Dal punto di vista della costruzione narrativa, l’episodio dell’incontro con l’anziano pastore che prova a scoraggiare Francesco e suo fratello dalla salita alla cima (rr. 34-45) ha quasi il ruolo di una prolessi*, nel senso che evidenzia il rischio di un fallimento, quale, per certi aspetti, almeno parzialmente risulterà per Petrarca quell’escursione.

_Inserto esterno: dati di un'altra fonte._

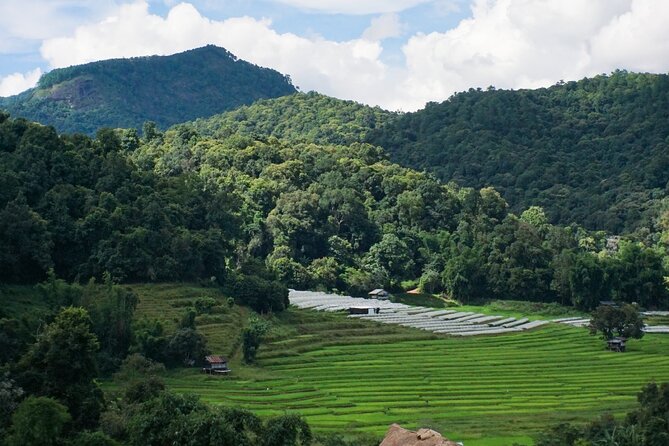 Inthanon National Park Tour With Soft Hike at Pha Dok Siew Trail - Selecting Date, Travelers, and Duration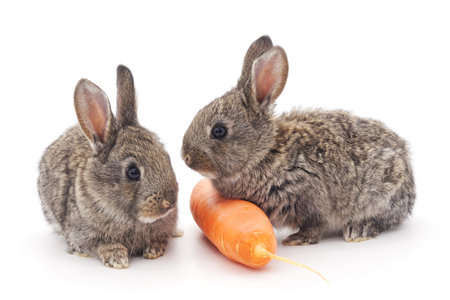 Grey baby rabbits on a white background.の写真素材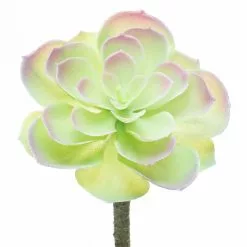 Budget ⌛ 12 Pack: Assorted Red Tipped Succulent Pick by Ashland® ???? -Ashland Sales 10229986 5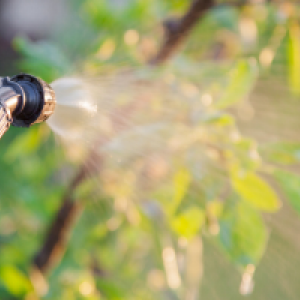 Ce sunt pesticidele și cum sunt ele împărțite?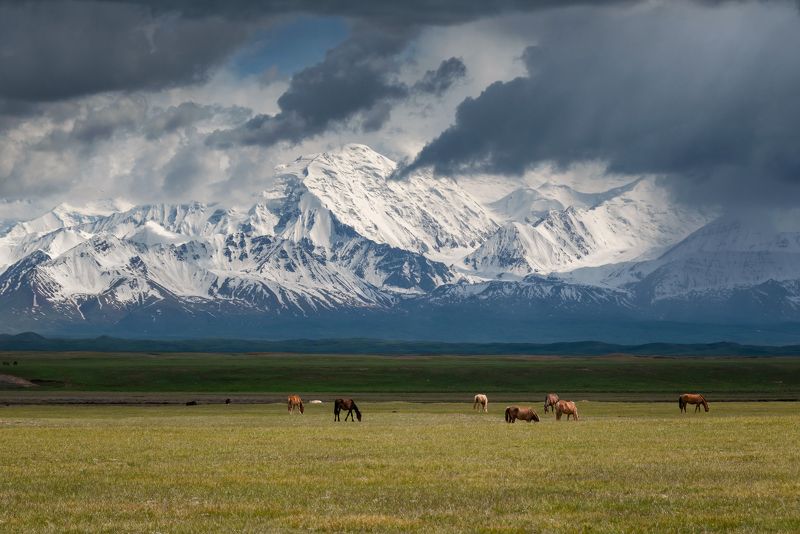 киргизия, памир, горы, кони, пейзаж photo preview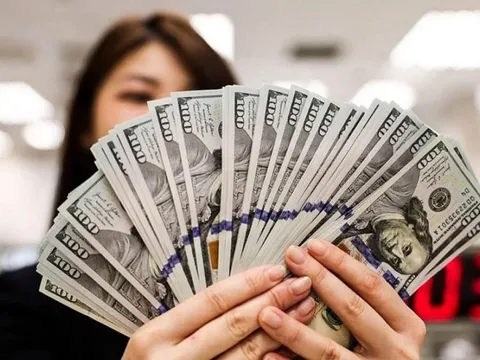 Tỷ giá USD hôm nay 4/11: Ngân hàng tăng giá, thị trường tự do giảm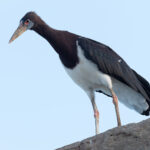 Abdim's Stork (image by Mark Van Beirs)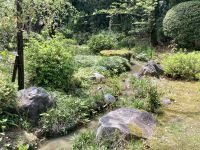 Kinkakuji-Tempel 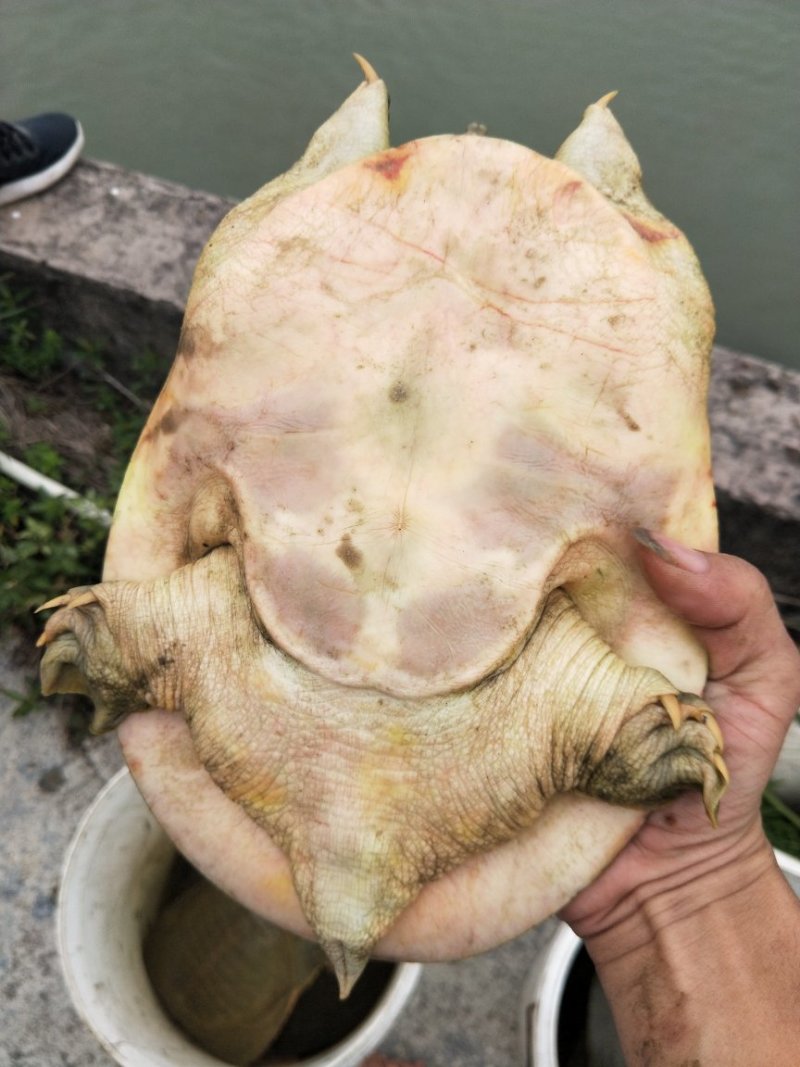 黄金甲鱼
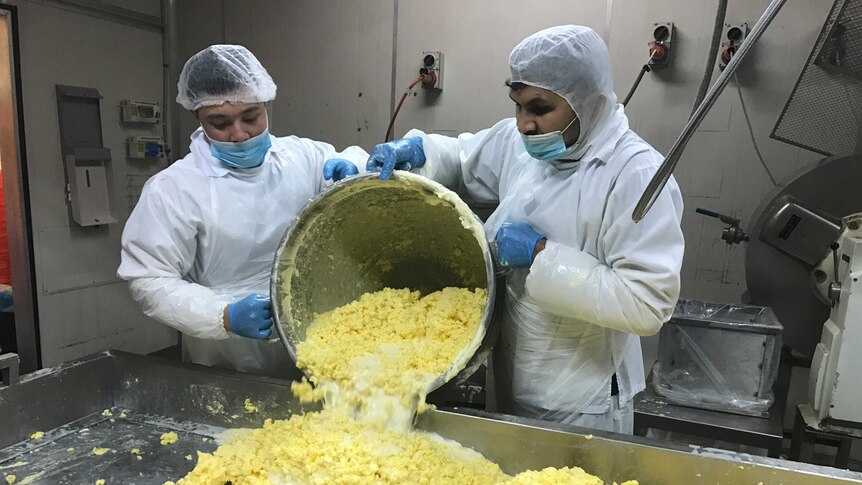 Staff making butter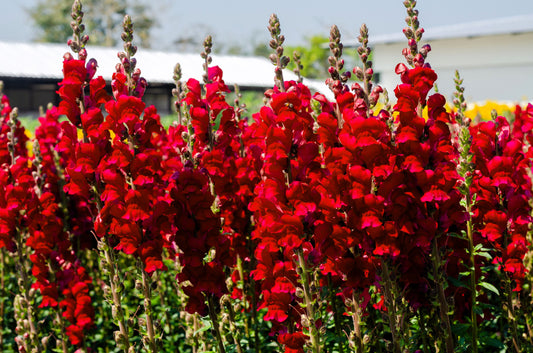 250 RUBY RED SNAPDRAGON Antirrhinum Majus Flower Seeds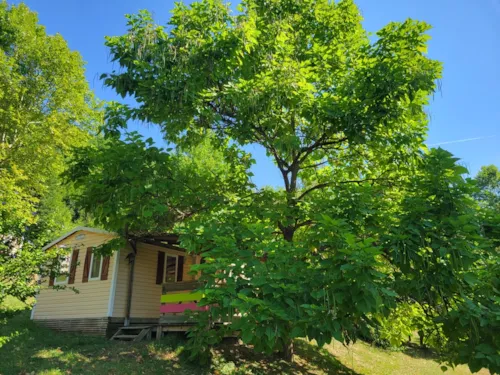 Huuraccommodatie(s) - Le Bonheur (2 Slaapkamers, 29 M², Airconditioning) 💛💛💛💛 - image n°3 - Camping Le Bois de Cornage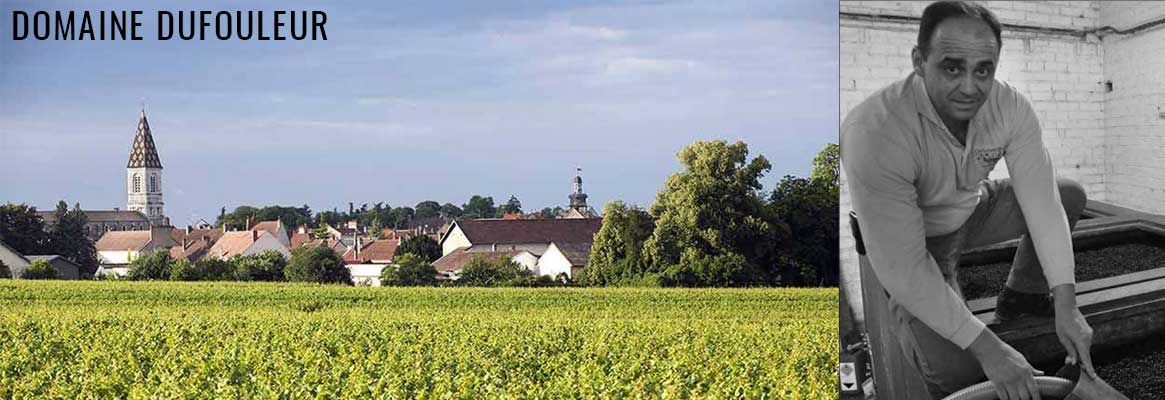 Domaine Dufouleur, grands vins de Nuits-Saint-Georges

La lettera offre un interessante esempio di intertestualità, cioè di riferimenti ad altre opere, che vengono citate nel testo. Ne emerge una sorta di piccola “biblioteca” di Petrarca lettore, prima che scrittore. In un suggestivo gioco di specchi, egli racconta di avere aperto a caso le Confessioni di Agostino, leggendovi parole che sembrano scritte apposta per lui, così come Agostino aveva aperto a caso il libro dell’Apostolo (cioè le Lettere di san Paolo), trovandovi espressioni che sembravano adeguarsi perfettamente alla sua situazione (rr. 137-143).

      Verso le competenze

COMPRENDERE

1 Nel ripercorrere il fitto intarsio di citazioni, prova a rispondere alle seguenti domande: quale invito riceve Francesco da Agostino? Quale Agostino da san Paolo?


2 Da che cosa Petrarca si sente attratto, nonostante la sua coscienza morale gliene rinfacci il carattere illecito?

ANALIZZARE

3 Elenca gli autori a cui si fa diretto riferimento, distinguendoli tra pagani e cristiani e disponendoli in ordine cronologico.


4 A quale espediente retorico ricorre l’autore per riportare le proprie riflessioni? Indica i punti del testo.

INTERPRETARE

5 Quali aspetti del carattere di Petrarca puoi dedurre dalle sue perplessità, da lui stesso riferite, sulla scelta dei compagni per l’escursione?


6 Che cosa significa l’espressione a noi […] il desiderio cresceva per il divieto (rr. 40-41)?


7 Dal punto di vista allegorico che cosa può significare il diverso approccio di Francesco e di Gherardo alla medesima esperienza dell’ascesa al monte?

PRODURRE

La tua esperienza

8 In questo testo Francesco e Gherardo affrontano diversamente il cammino verso la cima del monte, il primo cercando una strada più piana, il secondo procedendo sicuro sul sentiero segnato. Quale dei due personaggi rispecchia maggiormente il modo in cui affronti i tuoi obiettivi? Motiva la tua risposta in un breve scritto (circa 20 righe), citando frasi dal testo a supporto delle tue riflessioni.


Un luogo tra letteratura e sfida con la natura: il Mont Ventoux

Il Mont Ventoux, 1912 metri di altezza, è chiamato il “Gigante della Provenza” ed è una meta impegnativa sia nell’alpinismo sia nel ciclismo, avendo un dislivello di oltre 1600 metri su una distanza complessiva di circa 22 chilometri. Petrarca pare essere stato uno dei primi a raggiungere la cima del monte che, dopo di lui, ha acquistato un nuovo significato, poiché l’impresa del poeta è uscita dal puro ambito letterario e viene citata in molti testi di alpinismo come esempio di sfida con sé stessi di fronte a un percorso accidentato e difficile.